Ok I'll look into that. That may be the cheapest way to go with liquid but I want to pay a little more for more convenience. So I'd like a cheap granular slow-release fertilizer.


----------



## uts (Jul 8, 2019)

john5246 said:


> Ok I'll look into that. That may be the cheapest way to go with liquid but I want to pay a little more for more convenience. So I'd like a cheap granular slow-release fertilizer.

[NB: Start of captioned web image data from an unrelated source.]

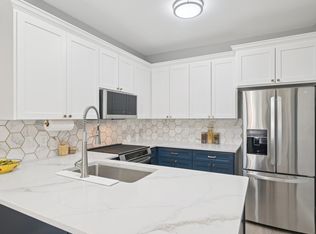 209 Cimarron Trl APT 6, Irving, TX 75063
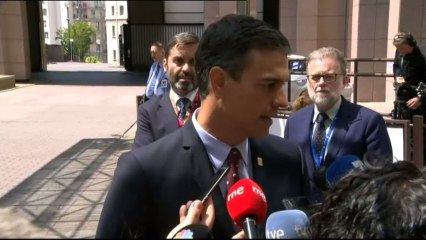 Sánchez anunciará este martes la fecha de la investidura pese a seguir en Bruselas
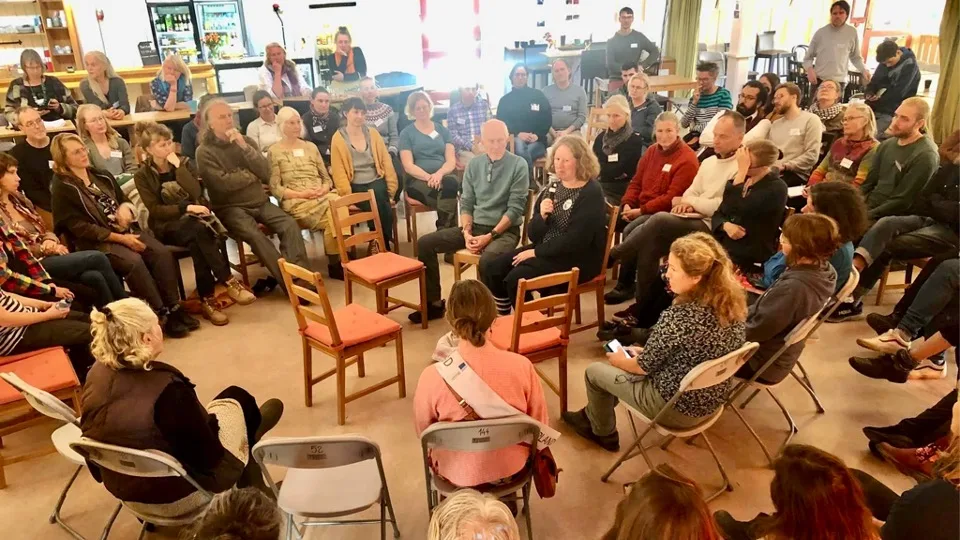 Fishbowl beskuren Avslutande fish bowl på Omställningsforum 2024 i Hågaby, Uppsala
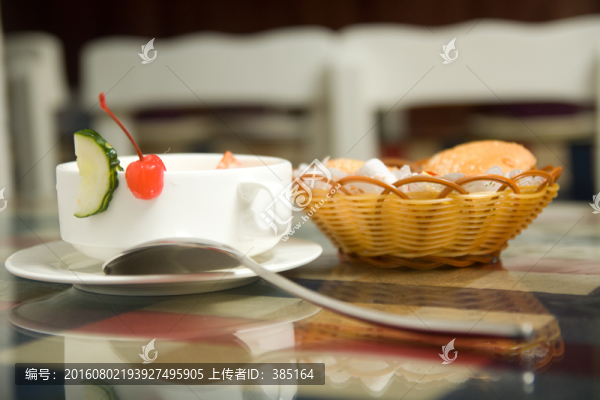 海鮮周打湯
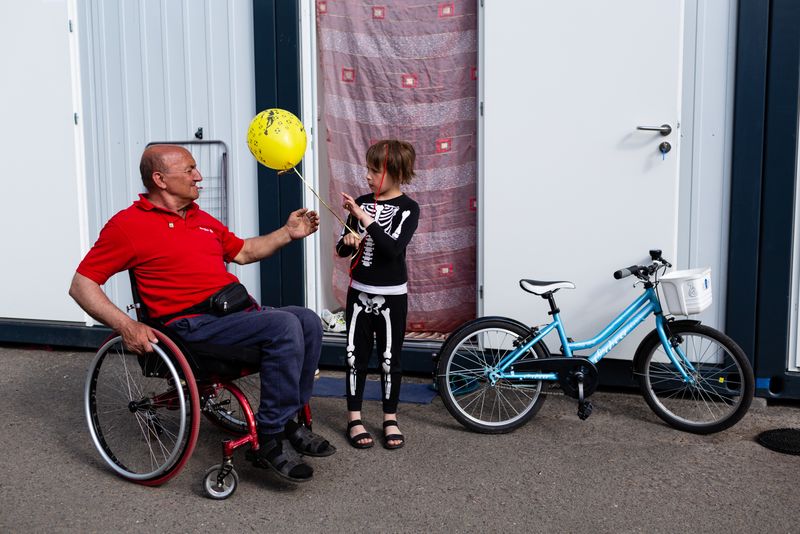 © Катя Москалюк - Image from the The Sense of Touch photography project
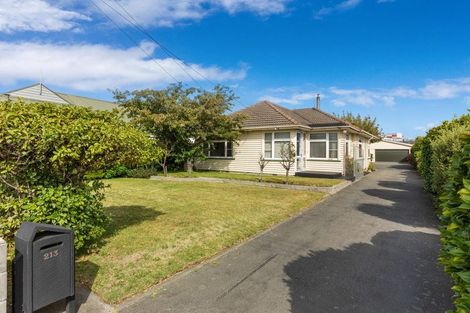 Photo of property in 213 Bower Avenue, North New Brighton, Christchurch, 8083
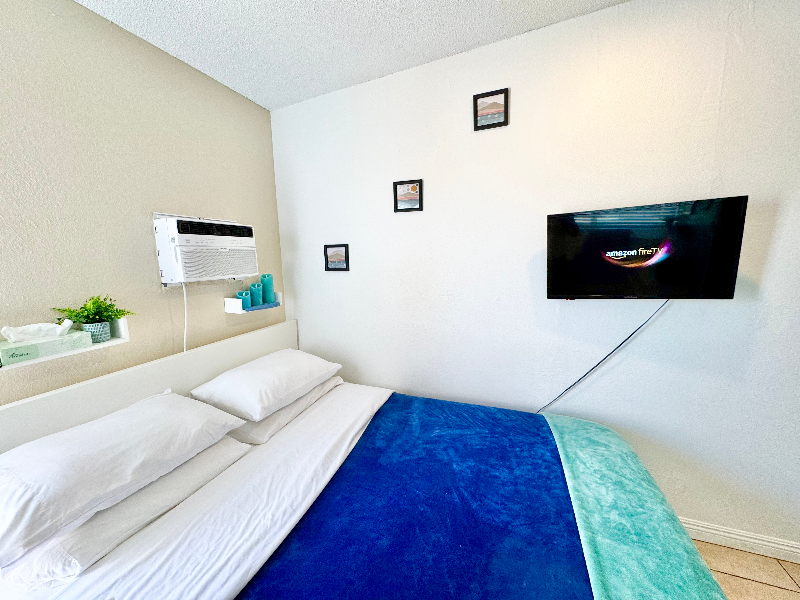 5333 Longridge Avenue #1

Look at Siteone, they usually have very decent prices for 50# bags of various NPK and slow/fast release combinations

Also keep a look out at end of season sales for big box brands. Nothing wrong in using a bag next season if you can get a good off. 
Slow release like milo/baystate/oceangro can be stocked up as well easily

This place is also an excellent area for group buys of different products which decreases the prices of different/great products that otherwise seem too expensive so keep looking at your local area thread.


----------



## Suburban Jungle Life (Mar 1, 2018)

I wouldn't say urea requires frequent apps. It depends more on your CEC. In general though, once a month on 5M takes 10 min to spread and maybe 10 min to weigh with a bucket and scale. That's 20 min a month. I don't see that as a lot of time to spend in the lawn. If you have a 5 CEC, then I would do it every 2 weeks. Urea is the cheapest by far compared to anything else.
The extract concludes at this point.